■ YOUR OBJECTIVE
Copy out and return the lines from the one holding "Leeons Long Curly" to the end of the listing below, both included, omitting the pictures.

■ DATA FOR ANALYSIS
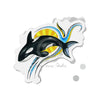 Orca Whale Breaching Sun Doodle Ink Art Die-Cut Magnets 5 X / 1 Pc Home Decor
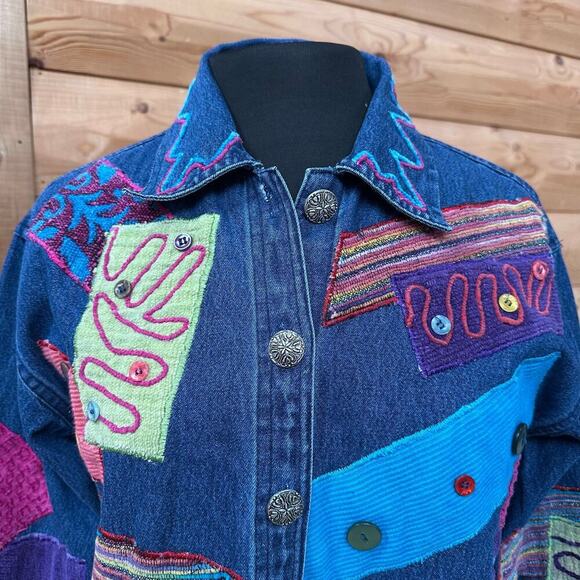 Legacy Denim Patchwork Embroidered Jacket Boho Festival Artsy Small - Picture 4 of 16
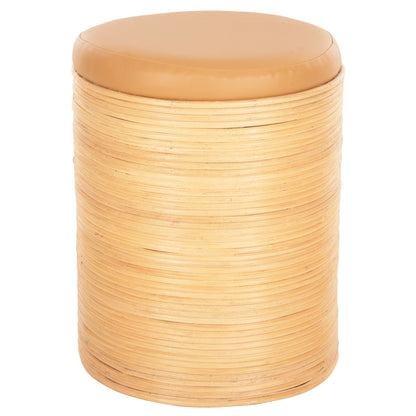 ΣΚΑΜΠΟ MITCH ΦΥΣΙΚΟ RATTAN ΚΑΘΙΣΜΑ ΑΠΟ PU ΜΠΕΖ Φ37x47
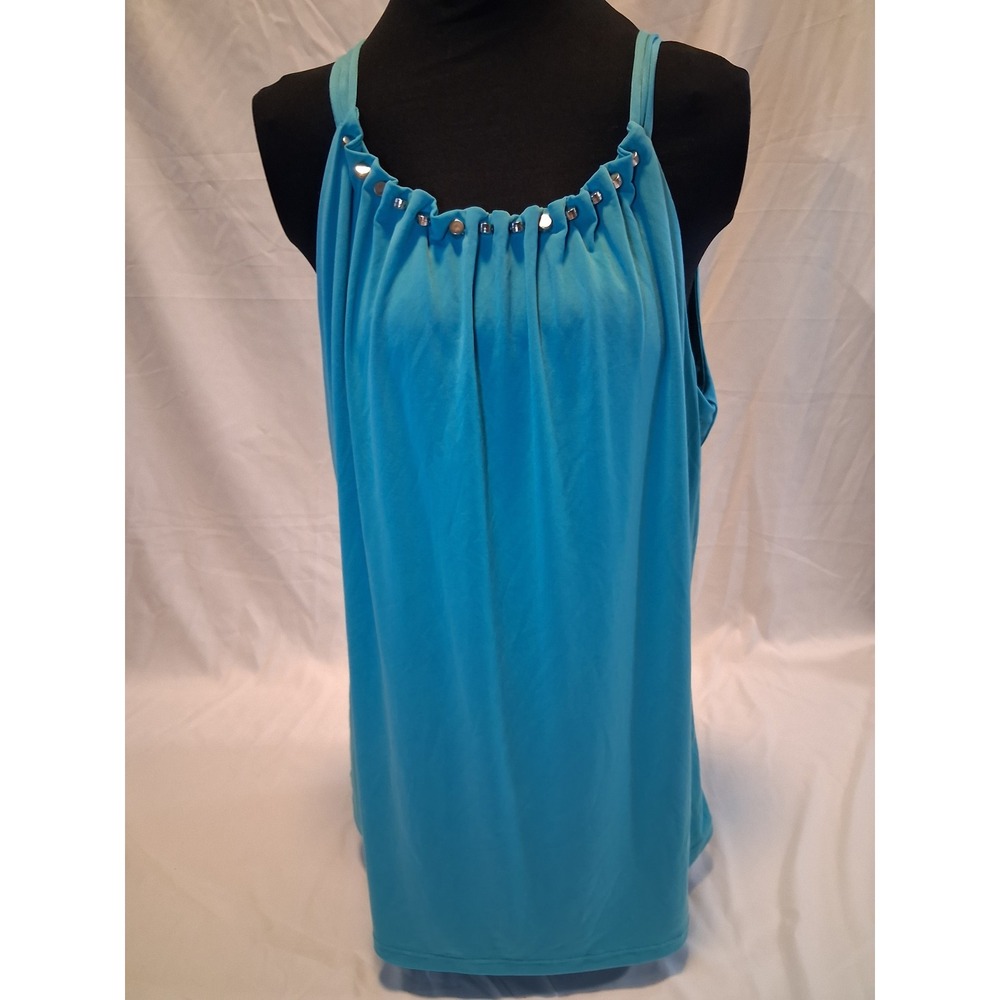 The Limited Women Bluebird Blue Studded Neck Keyhole Back Tank Top Blouse M NEW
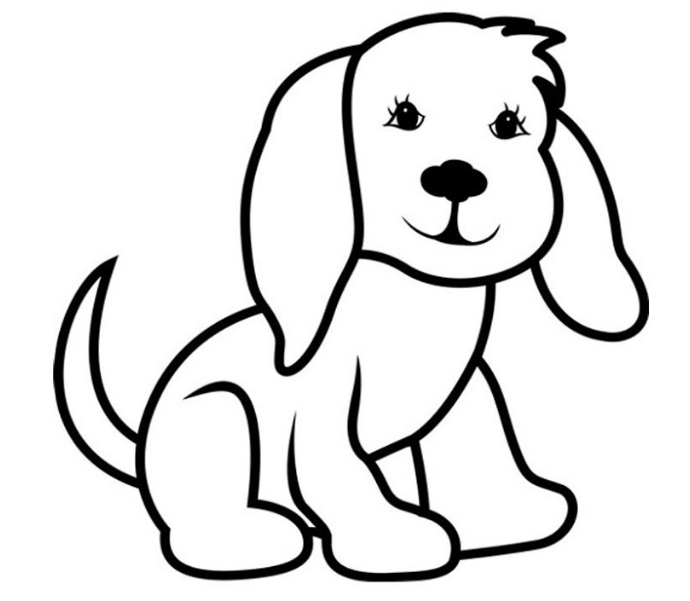 Hình vẽ con chó, hình tô màu con chó cho bé dễ thương 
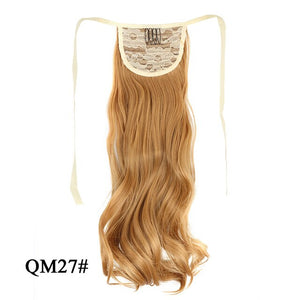 Leeons Long Curly Clip In Hair Tail 21Inch Synthetic Drawstring Ponytail Hairpiece With Hairpins Wrap Pony Tail Hair Extension
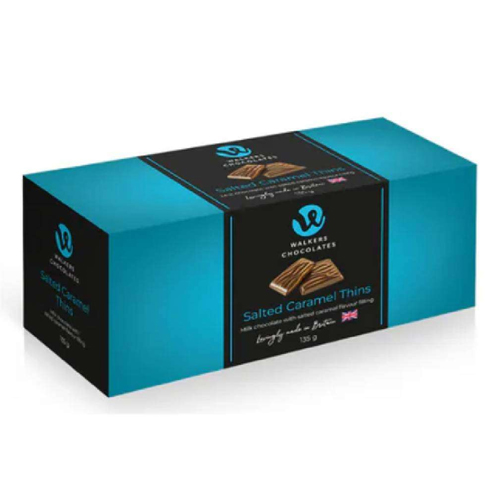 WALKERS MILK CHOCOLATE SALTED CARAMEL THINS 135G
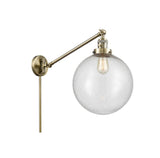 1-Light 12" Antique Brass Swing Arm - Seedy Beacon Glass LED - w/Switch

■ RESPONSE BOX
 Leeons Long Curly Clip In Hair Tail 21Inch Synthetic Drawstring Ponytail Hairpiece With Hairpins Wrap Pony Tail Hair Extension
 WALKERS MILK CHOCOLATE SALTED CARAMEL THINS 135G
 1-Light 12" Antique Brass Swing Arm - Seedy Beacon Glass LED - w/Switch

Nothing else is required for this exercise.